A few weeks ago, I had the pleasure to be a stimulus speaker at a New Digital Economics event in San Francisco. I spoke about IoT Business Models during a full day session - entitled Digital Things – which was devoted to new opportunities from the ‘Internet of Things’.

Digital Things ran in parallel to sessions on Digital Commerce and Digital Entertainment so there was definite competition for conference delegates. As a measure of how seriously Silicon Valley is taking the IoT market, the Digital Things session drew by far the largest audience.

Since the IoT market is still comparatively underdeveloped in commercial terms, my presentation focused on lessons learned from the M2M market. In particular, I highlighted several insights from the business strategies that service suppliers and providers are implementing.

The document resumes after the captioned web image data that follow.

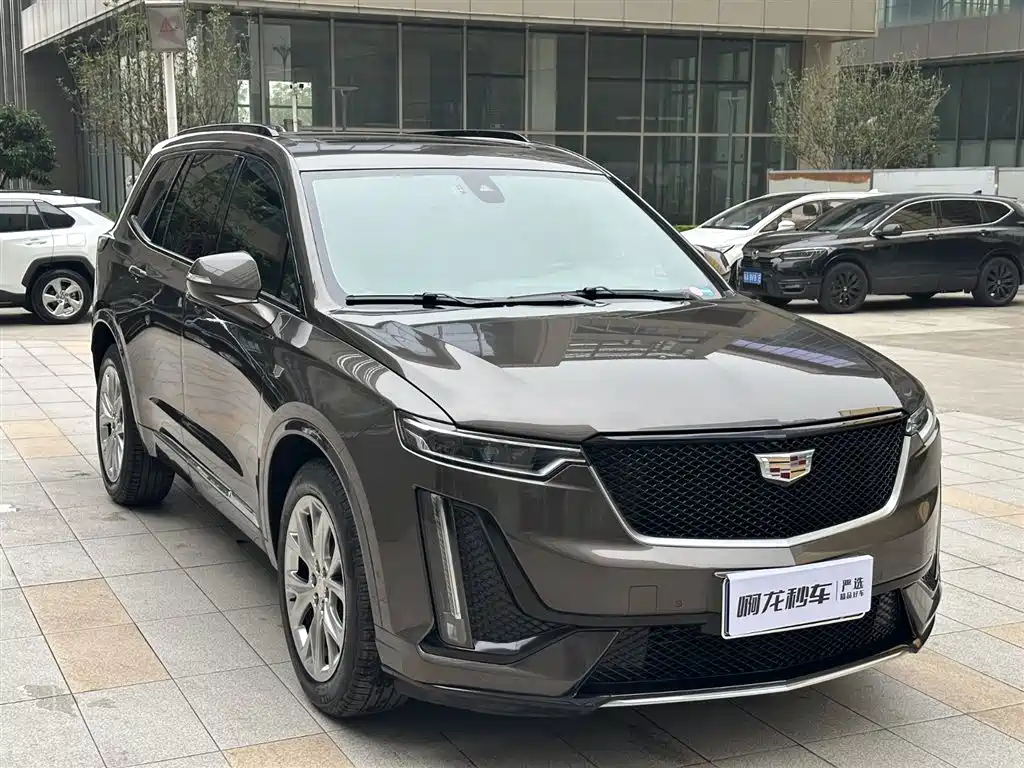 Cadillac XT6 2023 — фото 4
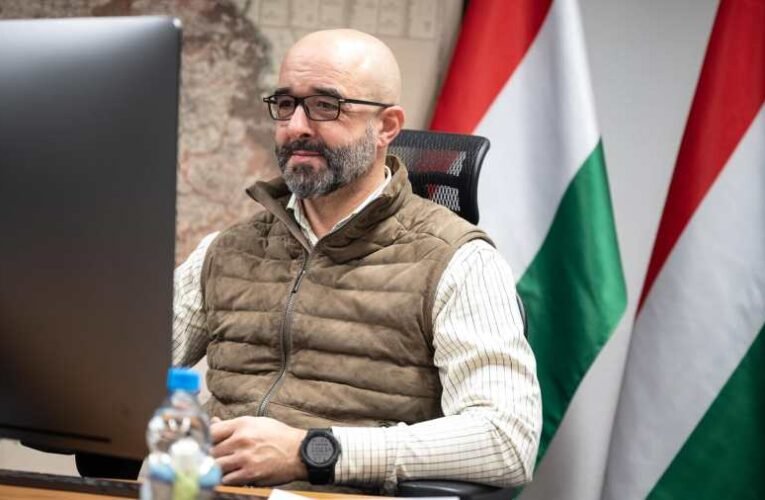 Kovács Zoltán 200 követőjét tiltotta le a Twitter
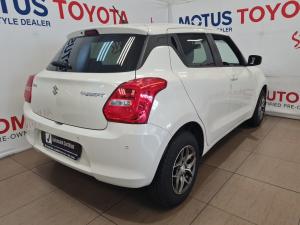 Suzuki Swift 1.2 GL manual - Image 2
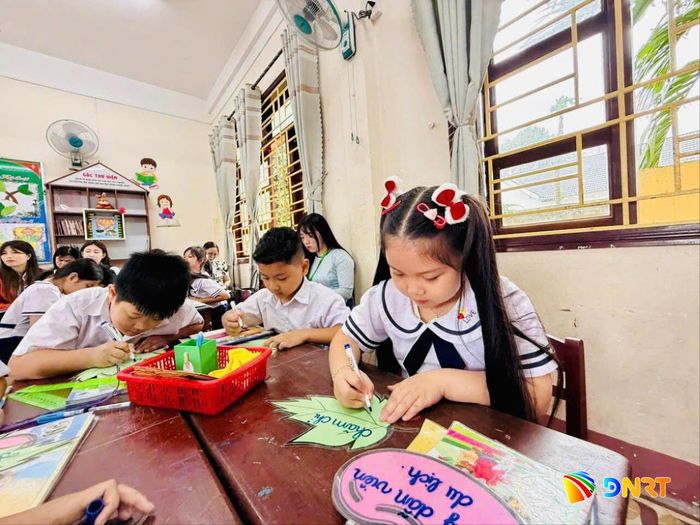 Học sinh Trường Tiểu học Hòa Phú hào hứng tham gia tiết học ứng dụng chuyển đổi số. Ảnh: H.V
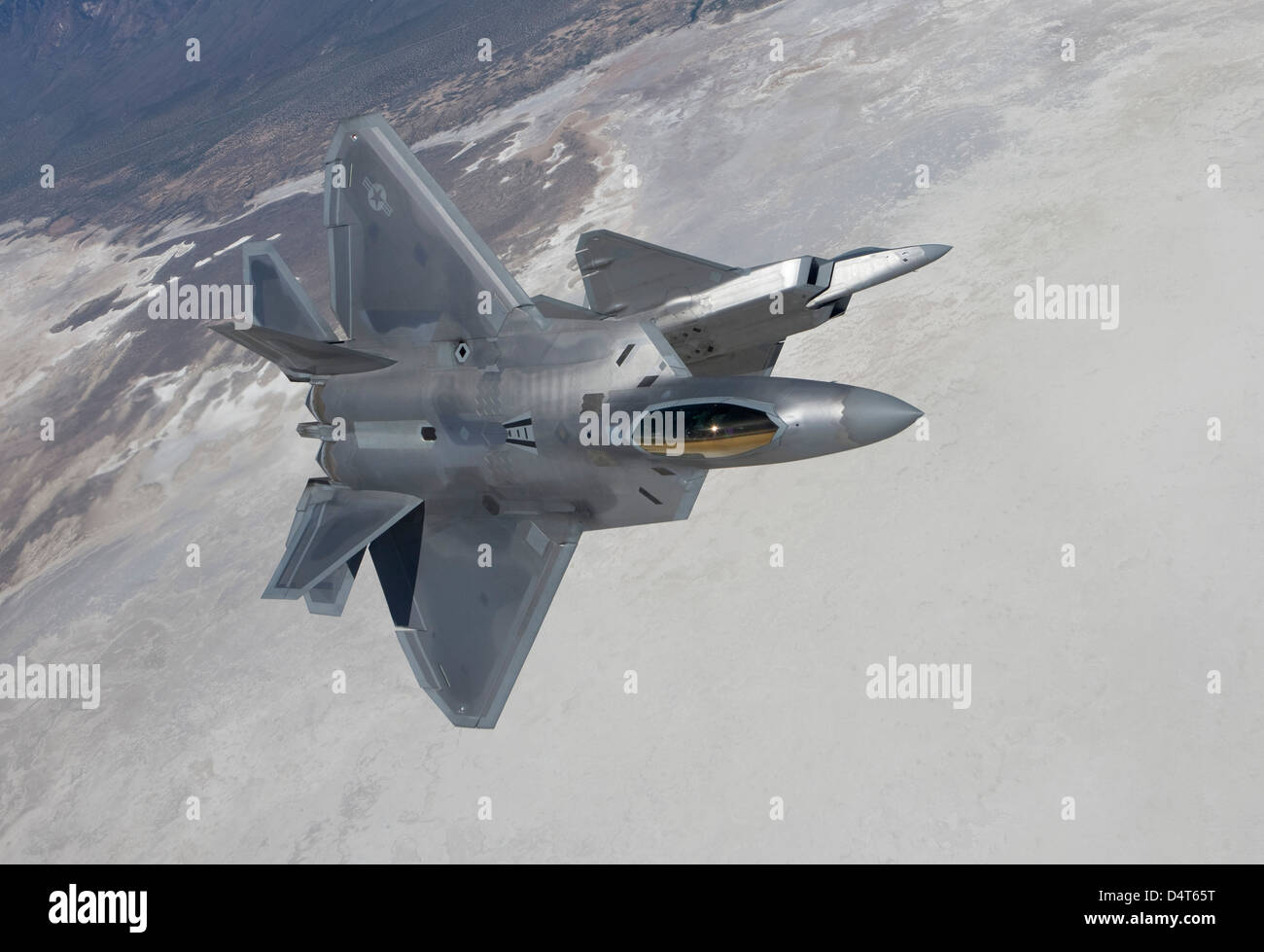 Due F-22 rapaci dalla 49th Fighter Wing manuever durante una missione di addestramento fuori di Holloman Air Force Base in New Mexico. Foto Stock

M2M service providers – hardware and technology vendors, mainstream and specialist service providers, integrators etc. - are employing a variety of strategies in the M2M market. A common theme to their actions is to ‘compress’ or vertically integrate along the traditionally fragmented value chain; This was previously described in my post about corporate initiatives. For example, partnerships involving two or more companies in adjoining parts of the value chain can reduce complexity and costs when implementing M2M solutions. Improved coordination along the value chain can shorten the ‘time to market’ while offering greater confidence and certainty to non-telecoms. companies that are looking to adopt M2M connectivity. And, there is greater scope for innovation as knowledge barriers start to break down.

The IoT market differs from the M2M market. IoT involves services that exploit data from multiple sensors and connected devices that may initially have been deployed for separate and unrelated purposes.

To illustrate this point, the middle image in the following exhibit shows the case of a set of services delivered in a home. These services – home automation, smart metering and assisted living – would each be deployed for a specific application purpose. The ability to combine data across services could result in a higher quality of services (through improved information integrity) as well as new service opportunities (e.g. home security, wellness monitoring).

So, which types of company and business models will prevail in the IoT market?
  • One possibility for how IoT services will develop takes the form of over the top (OTT) providers. Companies would leverage data (subject to the data being accessible) from multiple sources to create and supply new services (which carries the threat of disenfranchising existing silo providers).

  • Drawing on the concept of ‘value-chain’ compression in M2M, there will be analogous opportunities, horizontally across value chains as shown in the right-most image of the illustration above.
The challenge for companies in the ‘new’ value chain is to understand where value might be concentrated – e.g. customer interface, billing engine, customer and connected device identity management, etc. – and how this translates into potential control points to orchestrate the value chain.